Christmas Vacuum
In the last 20 years, the only time I have celebrated Christmas in this country was 1987. I'm kind of freaking out about it, frankly, my first Christmas both alone and in the US in almost two decades. Until now I was busy enough with school that I could put off really thinking about it, but as things wind down I look around and I see the vacuum.
The most obvious hole is the tree. I haven't seen anyplace selling trees around here, and without a car it's hard to go looking farther afield. Even if I had one, though, there would be issues. For one thing, I don't really have any ornaments. I realize I could buy some cheap tree decorations at the drugstore, but that doesn't really satisfy my sense of aesthetics: I like a jumble of colors and styles, nothing too planned or color-coordinated. I like twinkly colored lights, and strands of puffy garland, and lots of sparkles in general. That's not the kind of effect you can create from a last-minute run to CVS.
And therein, really, lies the rub. To me a tree is like an archeological site, layers of history overlapping one another in a sedimented invitation to nostalgic reflection. A box of identical shiny-but-meaningless balls doesn't quite fit the bill.
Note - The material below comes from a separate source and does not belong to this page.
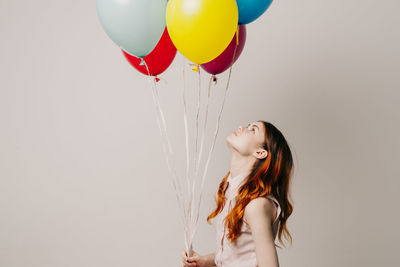 Young woman looking away while standing against white background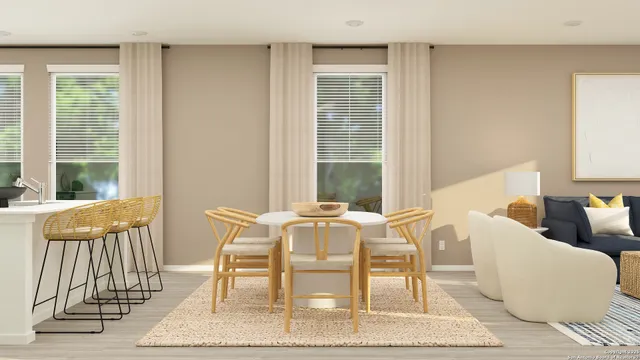 a view of a dining room with furniture and a window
My parents, and later my mom, used to give my sister and me at least one new ornament a year. Dario and I didn't always follow through, but we tried to buy a nice new ornament most years. A few glass balls are okay--even welcome--as long as there is plenty of significance to work with.
And significance was there in abundance. There were Avon ceramic ornaments from the late 70s/early 80s. Not gorgeous, but representative of the years after my father died, when my mom did everything she could to maintain a sense of family and continuity. There's the bread-dough ornament of a girl with red and black pom-poms and a uniform just like the ones we wore on our squad, that my mom bought at a school craft fair one year. I can't hang it on the tree anymore, because it's too fragile, but every year it got opened up and looked at, and I remembered. There's the single Swarovski crystal snowflake from 1992, the first Christmas Dario and I were on our own after moving out of his parents' apartment. If you look closely you can see the crack that bisects it. It fell on the marble floor the first year we hung it, possibly in a cat-induced incident. I cried, and Dario got out the Attak (the Italian SuperGlue equivalent). There are the silly ornaments, like the mouse wearing ski goggles, mounting a bird, "Goin' South" scrawled across his backpack. There's the cross-stitch ornament I made for our short-lived movie club. There are ornaments that were gifts from my mom, my sister, Dario's parents, each other.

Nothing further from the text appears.